I need to see more of your config because your are just showing the defaults section.
Try this though - if you have “option httpchk” on anywhere (can be in defaults, listen or backend) comment it out and replace it with option-http-keep-alive. Let me know what happens. If it doesn’t help then post here as much of your haproxy.cfg files as you can.
Also - a question. Are you using haproxy 1.5?
Also - comment out your “timeout connect” and “timeout client” and change your “timeout server” to 90s.
I need to update that post because it is for haproxy 1.4 and an older version of xojo. I have made several tweaks since then for 1.5 and the current version of Xojo.
Also - what is your server OS? Do you know if you are running any type of Security Enhanced Linux?
When Haproxy has reported the node as down I’ve tested the node directly by going to it’s ip/port and it’s up.
The web app is started from the command line manually it’s standalone not cgi.
Without the check on node level it appears to run fine I have had two of nodes crash and only info I can get is from the messages log but I believe this is a seprate issue and will open another topic on it.
Apr 16 11:10:44 scb kernel: SCB[21433]: segfault at 90 ip b76e3836 sp bfac6ee0 error 4
Apr 16 13:45:17 scb kernel: SCB[7987]: segfault at 654c7375 ip 0132b902 sp 00a59460 error 4 in XojoConsoleFramework32.so[ff8000+755000]
This has happened to me as well. The node is not going down, it is just not answering the httpchk. If you refresh the stats page you can watch it as it “goes up and down” repeatedly. I’m not sure what changed along the way to make this no longer consistent.
If you disable this option HAproxy still does health checks. It just checks to see if it can open a TCP connection or not. That’s not as nice (you can do a lot with the httpchk) - but it works if your app crashes or otherwise becomes entirely unresponsive.

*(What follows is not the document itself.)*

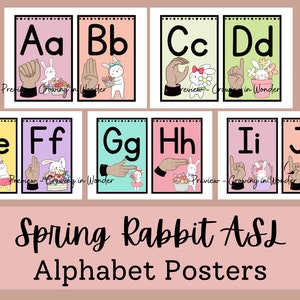 Könnte beinhalten: Ein Satz von 12 Alphabet-Postern mit einem Frühlingshasen-Motiv. Jedes Poster zeigt einen Buchstaben des Alphabets in schwarzer Schrift, ein Häschen, das Blumen hält, und eine Hand, die den Buchstaben in Gebärdensprache zeigt. Die Poster sind in verschiedenen Pastellfarben gehalten.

Let’s keep experimenting with different tuning options and see if we can’t figure out what the hold-up is. If I find out anything else I will come back here and post it. I am working on a project right now that this was effecting.
OK - I played around with this and I have another workaround. If you require more failed httpchk health checks before considering the app instance down, you can continue to use httpchk. At least, it is working for me right now
Here is what I mean, in your backend config:
backend mybackend
option httpchk OPTIONS /
option forwardfor
option http-keep-alive
cookie serverid insert indirect nocache
server node1 127.0.0.1:8080 check cookie node1 inter 2000 rise 2 fall 5
server node2 127.0.0.1:8081 check cookie node2 inter 2000 rise 2 fall 5
server node3 127.0.0.1:8082 check cookie node3 inter 2000 rise 2 fall 5
The parameter “inter 2000 rise 2 fall 5” sets the check interval to every two seconds and the server has to fail 5 in a row to be considered down. If it passes 2 in a row it is considered up. The default for “fall” is 3. Just adding two more seems to eliminate the false positives. This means that your server would be down for 10 seconds before haproxy stops routing requests to it - seems very reasonable.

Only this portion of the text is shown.